2. Menantang diri sendiri. Apakah aku akan begini terus? Kematian seseorang yang begitu dekat dan kita cintai memang menimbulkan kesedihan yang teramat dalam. Banyak orang yang berusaha menghibur saya. Namun demikian, yang menjadi pemain utama untuk “keluar” dari kesedihan ini adalah diri saya sendiri. Saya harus berani menantang diri saya sendiri. Apakah saya akan sedih terus menerus? Bukankah aku tetap harus melanjutkan hidup ini?
3. Keluar dari diri sendiri dan memberikan diri pada orang lain. Menurut beliau, dalam arti tertentu kesedihan manusia karena ditinggal oleh orang yang dicintainya adalah salah satu bagian dari “egoisme” – nya. Agar egoisme ini semakin terkikis, orang harus “keluar” dari dirinya sendiri: banyak memberikan diri pada orang lain, hormat pada orang lain, membantu orang lain, dsb. Proses yang tidak mudah karena ini sebenarnya merupakan perjuangan seumur hidup.
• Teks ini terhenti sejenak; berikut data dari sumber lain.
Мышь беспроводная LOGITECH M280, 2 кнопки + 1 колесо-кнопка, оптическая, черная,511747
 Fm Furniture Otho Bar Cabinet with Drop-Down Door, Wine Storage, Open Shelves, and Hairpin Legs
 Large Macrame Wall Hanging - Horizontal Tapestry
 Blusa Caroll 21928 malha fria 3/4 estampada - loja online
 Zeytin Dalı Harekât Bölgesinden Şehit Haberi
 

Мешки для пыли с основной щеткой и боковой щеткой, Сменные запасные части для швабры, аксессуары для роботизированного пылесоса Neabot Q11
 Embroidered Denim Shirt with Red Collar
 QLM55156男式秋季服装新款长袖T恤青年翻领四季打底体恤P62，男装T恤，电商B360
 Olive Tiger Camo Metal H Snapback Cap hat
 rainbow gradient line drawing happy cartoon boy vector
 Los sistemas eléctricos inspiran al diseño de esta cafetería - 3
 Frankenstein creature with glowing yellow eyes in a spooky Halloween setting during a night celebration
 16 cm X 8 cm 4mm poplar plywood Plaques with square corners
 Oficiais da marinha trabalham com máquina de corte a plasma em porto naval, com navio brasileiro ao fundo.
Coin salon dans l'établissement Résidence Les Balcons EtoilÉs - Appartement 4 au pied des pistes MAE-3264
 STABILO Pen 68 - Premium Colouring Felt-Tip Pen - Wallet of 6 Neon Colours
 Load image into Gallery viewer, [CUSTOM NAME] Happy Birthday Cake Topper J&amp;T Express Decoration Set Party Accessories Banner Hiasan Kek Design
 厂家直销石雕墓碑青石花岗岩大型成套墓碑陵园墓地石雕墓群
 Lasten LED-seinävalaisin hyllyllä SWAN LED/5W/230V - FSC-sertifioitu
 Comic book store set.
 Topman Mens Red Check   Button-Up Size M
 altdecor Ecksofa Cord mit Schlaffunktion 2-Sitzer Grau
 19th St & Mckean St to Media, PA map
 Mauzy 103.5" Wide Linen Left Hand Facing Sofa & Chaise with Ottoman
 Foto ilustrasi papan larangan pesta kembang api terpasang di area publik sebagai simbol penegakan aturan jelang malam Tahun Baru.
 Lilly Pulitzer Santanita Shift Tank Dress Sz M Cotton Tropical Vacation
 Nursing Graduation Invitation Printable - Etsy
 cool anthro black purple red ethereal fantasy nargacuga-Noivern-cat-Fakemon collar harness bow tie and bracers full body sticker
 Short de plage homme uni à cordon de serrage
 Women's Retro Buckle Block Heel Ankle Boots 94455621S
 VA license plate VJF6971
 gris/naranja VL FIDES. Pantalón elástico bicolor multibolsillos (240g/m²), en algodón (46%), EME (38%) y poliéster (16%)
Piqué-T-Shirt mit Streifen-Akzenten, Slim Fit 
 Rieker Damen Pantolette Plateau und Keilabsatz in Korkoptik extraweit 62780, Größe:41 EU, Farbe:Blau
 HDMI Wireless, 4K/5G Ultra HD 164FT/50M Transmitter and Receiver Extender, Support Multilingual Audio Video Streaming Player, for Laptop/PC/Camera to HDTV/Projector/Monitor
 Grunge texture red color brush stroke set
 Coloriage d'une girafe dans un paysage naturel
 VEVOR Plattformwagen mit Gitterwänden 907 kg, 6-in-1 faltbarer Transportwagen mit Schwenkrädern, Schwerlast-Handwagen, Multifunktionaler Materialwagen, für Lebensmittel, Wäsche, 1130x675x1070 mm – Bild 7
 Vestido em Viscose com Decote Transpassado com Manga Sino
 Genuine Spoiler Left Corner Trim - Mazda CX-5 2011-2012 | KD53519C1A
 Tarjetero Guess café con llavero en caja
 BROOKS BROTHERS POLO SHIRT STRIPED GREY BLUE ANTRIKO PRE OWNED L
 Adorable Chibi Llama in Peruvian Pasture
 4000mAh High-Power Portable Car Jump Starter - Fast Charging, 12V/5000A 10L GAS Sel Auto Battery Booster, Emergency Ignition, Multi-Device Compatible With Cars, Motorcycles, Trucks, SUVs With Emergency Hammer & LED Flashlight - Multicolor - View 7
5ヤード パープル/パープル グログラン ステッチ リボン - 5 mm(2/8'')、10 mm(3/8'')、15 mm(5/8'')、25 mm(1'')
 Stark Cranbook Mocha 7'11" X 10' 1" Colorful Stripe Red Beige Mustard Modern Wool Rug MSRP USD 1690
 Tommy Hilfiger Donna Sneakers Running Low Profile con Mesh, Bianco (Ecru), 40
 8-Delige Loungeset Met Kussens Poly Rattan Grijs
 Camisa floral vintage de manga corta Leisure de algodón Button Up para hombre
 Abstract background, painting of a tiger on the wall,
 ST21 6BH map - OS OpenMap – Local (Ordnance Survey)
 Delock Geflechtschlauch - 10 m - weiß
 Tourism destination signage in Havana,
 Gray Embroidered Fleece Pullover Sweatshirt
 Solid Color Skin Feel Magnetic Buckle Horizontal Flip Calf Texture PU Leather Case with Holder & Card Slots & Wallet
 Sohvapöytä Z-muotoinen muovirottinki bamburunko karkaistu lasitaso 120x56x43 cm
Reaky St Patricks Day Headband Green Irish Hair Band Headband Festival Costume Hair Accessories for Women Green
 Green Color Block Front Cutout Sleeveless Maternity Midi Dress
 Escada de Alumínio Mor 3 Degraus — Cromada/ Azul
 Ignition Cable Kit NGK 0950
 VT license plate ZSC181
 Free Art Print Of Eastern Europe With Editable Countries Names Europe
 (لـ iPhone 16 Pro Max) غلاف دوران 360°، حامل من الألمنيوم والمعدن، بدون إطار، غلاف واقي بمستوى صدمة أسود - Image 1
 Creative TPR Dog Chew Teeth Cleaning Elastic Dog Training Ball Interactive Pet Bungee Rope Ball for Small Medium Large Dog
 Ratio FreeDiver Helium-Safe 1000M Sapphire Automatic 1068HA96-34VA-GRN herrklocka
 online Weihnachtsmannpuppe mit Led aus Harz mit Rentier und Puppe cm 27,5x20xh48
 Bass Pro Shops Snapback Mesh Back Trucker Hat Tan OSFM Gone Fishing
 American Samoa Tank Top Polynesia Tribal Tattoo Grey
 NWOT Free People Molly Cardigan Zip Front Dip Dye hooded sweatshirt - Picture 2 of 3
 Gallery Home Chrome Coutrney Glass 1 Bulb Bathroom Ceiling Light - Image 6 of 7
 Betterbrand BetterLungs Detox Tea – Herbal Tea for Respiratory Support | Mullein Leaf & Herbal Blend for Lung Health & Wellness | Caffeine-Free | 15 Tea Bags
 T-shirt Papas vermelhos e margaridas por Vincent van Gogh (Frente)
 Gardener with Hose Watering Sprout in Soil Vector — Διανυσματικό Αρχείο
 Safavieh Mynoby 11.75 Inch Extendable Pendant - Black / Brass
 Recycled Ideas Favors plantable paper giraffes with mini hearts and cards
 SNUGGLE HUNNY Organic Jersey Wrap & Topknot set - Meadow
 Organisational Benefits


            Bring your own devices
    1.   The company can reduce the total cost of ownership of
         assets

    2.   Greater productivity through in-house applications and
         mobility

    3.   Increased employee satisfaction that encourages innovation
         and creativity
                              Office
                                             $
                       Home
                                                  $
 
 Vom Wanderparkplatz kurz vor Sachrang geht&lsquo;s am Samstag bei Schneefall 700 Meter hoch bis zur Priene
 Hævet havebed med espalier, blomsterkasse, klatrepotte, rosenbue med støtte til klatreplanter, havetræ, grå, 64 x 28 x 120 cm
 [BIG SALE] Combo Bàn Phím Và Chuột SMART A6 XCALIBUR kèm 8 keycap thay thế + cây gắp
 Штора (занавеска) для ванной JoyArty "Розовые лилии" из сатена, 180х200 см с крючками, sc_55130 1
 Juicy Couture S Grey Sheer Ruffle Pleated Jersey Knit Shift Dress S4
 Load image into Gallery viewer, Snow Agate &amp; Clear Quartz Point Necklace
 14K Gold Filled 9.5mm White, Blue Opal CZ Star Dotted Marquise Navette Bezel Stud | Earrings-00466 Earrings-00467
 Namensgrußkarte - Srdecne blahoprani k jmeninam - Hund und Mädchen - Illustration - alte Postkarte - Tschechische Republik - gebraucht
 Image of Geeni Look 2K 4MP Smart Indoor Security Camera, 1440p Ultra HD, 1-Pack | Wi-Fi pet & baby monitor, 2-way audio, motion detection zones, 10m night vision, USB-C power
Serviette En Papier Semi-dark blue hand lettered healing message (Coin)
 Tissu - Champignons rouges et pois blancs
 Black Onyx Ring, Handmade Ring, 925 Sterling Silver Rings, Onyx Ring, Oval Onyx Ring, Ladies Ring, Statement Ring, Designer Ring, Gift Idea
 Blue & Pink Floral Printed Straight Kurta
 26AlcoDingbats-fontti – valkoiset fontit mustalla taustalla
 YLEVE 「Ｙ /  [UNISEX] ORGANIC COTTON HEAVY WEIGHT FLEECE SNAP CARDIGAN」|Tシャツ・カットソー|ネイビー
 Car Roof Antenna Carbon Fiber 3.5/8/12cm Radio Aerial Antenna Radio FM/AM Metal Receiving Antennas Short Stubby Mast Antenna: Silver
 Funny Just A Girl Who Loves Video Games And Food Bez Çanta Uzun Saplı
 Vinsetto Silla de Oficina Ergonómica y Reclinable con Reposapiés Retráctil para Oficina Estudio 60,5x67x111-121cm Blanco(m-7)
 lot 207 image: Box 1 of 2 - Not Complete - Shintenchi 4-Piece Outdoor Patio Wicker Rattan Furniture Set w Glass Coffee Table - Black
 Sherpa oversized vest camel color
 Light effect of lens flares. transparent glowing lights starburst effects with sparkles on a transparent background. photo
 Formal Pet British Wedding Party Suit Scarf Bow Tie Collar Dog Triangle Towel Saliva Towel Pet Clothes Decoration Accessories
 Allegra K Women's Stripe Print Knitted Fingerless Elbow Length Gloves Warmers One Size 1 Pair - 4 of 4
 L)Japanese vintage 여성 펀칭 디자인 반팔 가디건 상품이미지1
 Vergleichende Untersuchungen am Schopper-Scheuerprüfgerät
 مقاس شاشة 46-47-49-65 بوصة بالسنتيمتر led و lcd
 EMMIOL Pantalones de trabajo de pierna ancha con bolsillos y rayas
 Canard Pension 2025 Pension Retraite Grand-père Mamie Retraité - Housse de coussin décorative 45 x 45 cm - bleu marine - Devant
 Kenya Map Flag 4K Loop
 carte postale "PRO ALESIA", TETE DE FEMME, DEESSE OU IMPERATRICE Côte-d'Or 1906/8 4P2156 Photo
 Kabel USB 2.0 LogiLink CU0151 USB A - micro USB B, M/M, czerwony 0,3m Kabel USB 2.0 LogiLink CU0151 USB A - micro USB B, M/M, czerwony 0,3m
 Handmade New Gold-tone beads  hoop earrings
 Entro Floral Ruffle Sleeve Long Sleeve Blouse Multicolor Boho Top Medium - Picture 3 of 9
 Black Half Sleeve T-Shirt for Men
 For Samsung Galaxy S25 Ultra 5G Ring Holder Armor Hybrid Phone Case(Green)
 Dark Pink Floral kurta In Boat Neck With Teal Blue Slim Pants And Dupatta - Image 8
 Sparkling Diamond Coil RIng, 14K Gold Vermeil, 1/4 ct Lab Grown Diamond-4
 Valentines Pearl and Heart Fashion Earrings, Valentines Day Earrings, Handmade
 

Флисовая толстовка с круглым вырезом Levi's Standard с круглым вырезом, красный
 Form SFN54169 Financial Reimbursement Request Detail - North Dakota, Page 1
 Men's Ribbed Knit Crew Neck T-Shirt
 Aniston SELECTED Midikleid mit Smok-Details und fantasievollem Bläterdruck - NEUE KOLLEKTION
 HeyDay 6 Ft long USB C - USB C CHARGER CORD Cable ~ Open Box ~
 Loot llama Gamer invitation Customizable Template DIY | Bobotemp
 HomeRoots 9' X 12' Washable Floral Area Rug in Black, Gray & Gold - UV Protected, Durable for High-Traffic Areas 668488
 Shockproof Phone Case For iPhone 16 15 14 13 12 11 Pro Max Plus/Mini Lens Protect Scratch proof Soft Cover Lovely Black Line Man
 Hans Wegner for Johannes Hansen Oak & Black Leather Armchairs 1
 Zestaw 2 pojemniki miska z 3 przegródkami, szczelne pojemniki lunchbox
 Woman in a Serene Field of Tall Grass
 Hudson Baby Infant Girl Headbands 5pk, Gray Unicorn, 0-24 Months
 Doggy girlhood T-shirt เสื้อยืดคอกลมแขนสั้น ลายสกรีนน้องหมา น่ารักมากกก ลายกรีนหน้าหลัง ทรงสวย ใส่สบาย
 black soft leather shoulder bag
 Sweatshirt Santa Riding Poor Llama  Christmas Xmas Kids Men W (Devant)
Ketiga nasihat itu terdengar “klise” tetapi begitu mengena dan “berbicara” saat saya mengalami kesedihan yang mendalam. Ketiga nasihat itupun tetap relevan saat saya sudah bisa “keluar” dari kesedihan itu. Ketiga nasihat itu pada dasarnya merupakan bahan refleksi sebagai bagian dari perjuangan seumur hidup.